Work to be completed: Could you please return each line of the data that has the word "Clear"?

Data to process:

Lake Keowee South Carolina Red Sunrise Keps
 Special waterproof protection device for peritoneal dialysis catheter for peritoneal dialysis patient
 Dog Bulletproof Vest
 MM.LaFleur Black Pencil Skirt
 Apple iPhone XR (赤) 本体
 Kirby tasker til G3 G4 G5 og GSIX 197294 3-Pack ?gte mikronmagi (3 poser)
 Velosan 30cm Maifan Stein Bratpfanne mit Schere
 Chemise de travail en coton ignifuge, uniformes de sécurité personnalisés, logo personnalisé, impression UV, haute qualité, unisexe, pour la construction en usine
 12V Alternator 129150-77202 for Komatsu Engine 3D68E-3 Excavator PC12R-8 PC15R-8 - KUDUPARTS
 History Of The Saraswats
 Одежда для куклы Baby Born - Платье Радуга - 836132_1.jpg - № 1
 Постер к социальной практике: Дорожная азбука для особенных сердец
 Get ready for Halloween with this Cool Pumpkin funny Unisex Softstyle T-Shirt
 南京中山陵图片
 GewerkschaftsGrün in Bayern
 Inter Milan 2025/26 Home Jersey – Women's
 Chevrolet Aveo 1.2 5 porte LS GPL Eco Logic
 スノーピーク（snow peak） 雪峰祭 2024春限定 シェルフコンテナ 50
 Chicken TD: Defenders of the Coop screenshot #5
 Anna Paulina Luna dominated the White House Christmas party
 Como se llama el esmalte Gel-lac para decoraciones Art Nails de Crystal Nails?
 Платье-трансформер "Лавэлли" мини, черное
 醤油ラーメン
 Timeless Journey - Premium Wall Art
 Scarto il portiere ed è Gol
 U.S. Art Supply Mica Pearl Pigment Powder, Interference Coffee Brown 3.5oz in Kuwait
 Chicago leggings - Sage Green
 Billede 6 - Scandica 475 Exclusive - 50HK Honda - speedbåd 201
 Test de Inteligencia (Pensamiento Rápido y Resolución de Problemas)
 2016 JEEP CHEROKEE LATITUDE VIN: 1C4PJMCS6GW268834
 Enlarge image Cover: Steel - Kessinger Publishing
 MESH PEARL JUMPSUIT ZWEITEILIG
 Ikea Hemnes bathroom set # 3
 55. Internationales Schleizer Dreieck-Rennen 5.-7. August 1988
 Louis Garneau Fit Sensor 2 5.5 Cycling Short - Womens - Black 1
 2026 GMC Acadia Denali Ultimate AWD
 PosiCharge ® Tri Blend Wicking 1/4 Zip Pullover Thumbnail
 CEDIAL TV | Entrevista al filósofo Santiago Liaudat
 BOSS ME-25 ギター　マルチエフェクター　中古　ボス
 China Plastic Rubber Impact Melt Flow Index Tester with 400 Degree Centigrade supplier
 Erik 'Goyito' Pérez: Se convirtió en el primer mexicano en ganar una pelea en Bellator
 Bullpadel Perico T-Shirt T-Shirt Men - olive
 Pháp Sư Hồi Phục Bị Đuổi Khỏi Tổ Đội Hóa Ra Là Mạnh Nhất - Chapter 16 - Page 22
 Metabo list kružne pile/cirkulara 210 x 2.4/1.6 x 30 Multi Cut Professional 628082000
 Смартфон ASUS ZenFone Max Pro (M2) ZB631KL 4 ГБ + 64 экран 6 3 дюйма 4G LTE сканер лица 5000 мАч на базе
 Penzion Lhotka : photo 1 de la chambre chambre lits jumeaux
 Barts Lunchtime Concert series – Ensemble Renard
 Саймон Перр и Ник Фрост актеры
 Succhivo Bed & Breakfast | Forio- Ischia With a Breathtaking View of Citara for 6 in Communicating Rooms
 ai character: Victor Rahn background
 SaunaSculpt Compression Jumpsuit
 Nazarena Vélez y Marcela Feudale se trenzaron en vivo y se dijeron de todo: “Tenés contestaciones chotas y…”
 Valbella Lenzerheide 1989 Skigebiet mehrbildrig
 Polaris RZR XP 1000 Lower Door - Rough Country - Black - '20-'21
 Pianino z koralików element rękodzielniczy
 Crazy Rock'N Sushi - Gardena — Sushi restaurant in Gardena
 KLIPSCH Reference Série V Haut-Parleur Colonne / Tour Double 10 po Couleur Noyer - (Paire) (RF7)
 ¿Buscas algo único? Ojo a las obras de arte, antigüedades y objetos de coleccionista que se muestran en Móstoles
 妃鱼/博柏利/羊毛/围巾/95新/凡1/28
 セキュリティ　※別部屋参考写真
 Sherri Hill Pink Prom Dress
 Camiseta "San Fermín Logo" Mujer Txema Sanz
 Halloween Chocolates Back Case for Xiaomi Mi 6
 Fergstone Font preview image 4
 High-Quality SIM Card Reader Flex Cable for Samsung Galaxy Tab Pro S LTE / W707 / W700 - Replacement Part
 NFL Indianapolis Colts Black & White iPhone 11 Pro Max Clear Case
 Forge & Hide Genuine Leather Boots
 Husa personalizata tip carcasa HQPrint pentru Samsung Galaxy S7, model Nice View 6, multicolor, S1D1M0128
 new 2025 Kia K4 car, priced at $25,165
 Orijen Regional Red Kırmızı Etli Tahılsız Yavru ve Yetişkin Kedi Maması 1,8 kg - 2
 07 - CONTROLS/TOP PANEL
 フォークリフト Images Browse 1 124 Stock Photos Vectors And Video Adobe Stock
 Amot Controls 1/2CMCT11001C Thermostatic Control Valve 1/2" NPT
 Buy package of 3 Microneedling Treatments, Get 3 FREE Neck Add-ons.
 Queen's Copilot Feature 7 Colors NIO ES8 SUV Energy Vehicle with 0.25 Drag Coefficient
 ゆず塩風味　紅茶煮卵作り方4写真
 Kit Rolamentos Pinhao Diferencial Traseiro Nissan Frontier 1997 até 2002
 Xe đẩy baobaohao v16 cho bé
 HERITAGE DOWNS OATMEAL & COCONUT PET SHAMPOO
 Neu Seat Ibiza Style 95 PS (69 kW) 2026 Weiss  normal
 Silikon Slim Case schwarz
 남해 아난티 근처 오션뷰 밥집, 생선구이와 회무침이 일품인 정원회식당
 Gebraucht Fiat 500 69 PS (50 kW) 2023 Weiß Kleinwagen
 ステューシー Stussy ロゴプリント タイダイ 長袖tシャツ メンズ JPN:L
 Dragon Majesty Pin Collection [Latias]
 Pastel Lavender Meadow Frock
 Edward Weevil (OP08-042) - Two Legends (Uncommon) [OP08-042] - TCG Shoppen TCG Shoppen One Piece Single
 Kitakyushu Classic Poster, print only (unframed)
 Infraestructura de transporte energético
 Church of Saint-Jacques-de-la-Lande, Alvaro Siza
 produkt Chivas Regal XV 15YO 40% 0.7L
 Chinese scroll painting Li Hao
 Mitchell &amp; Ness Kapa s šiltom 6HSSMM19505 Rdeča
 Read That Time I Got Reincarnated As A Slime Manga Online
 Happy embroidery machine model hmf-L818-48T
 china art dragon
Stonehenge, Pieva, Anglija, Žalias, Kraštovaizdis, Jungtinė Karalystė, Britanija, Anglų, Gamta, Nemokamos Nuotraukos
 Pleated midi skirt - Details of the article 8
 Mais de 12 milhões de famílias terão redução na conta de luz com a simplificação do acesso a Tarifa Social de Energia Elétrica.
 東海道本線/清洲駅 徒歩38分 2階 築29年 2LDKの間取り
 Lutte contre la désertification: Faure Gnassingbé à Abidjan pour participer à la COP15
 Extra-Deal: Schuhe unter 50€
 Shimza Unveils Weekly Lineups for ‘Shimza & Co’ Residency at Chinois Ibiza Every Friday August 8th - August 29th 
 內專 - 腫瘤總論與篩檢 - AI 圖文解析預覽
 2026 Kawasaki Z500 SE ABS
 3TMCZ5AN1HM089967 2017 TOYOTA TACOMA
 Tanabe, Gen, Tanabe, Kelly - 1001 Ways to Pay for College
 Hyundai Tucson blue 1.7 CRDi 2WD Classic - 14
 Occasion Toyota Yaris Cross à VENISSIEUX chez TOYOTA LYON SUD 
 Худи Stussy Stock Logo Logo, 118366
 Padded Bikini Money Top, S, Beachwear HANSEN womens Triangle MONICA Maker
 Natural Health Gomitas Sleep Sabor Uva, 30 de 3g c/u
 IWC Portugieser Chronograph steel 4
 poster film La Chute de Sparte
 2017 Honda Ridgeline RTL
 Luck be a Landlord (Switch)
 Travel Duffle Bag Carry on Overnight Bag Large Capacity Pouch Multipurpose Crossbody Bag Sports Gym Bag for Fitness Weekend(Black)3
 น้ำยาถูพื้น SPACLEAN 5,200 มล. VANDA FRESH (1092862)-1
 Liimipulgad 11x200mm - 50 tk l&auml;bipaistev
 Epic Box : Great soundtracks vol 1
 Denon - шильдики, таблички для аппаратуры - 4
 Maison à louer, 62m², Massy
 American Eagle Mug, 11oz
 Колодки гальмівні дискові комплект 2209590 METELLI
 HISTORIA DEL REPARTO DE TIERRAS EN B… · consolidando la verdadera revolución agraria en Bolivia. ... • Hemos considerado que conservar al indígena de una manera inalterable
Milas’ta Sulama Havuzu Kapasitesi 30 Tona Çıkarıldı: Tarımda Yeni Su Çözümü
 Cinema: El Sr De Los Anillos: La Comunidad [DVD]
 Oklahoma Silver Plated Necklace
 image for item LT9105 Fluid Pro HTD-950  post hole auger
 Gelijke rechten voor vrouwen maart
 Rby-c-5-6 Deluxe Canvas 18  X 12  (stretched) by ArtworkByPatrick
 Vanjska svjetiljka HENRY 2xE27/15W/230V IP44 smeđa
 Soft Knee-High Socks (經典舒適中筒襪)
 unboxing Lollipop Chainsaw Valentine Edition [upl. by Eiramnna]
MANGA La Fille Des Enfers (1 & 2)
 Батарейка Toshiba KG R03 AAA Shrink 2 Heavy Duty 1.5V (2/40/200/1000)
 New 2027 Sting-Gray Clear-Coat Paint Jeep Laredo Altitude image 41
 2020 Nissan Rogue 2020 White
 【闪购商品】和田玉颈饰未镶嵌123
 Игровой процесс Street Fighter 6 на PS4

Solution for this task:
 NFL Indianapolis Colts Black & White iPhone 11 Pro Max Clear Case
 New 2027 Sting-Gray Clear-Coat Paint Jeep Laredo Altitude image 41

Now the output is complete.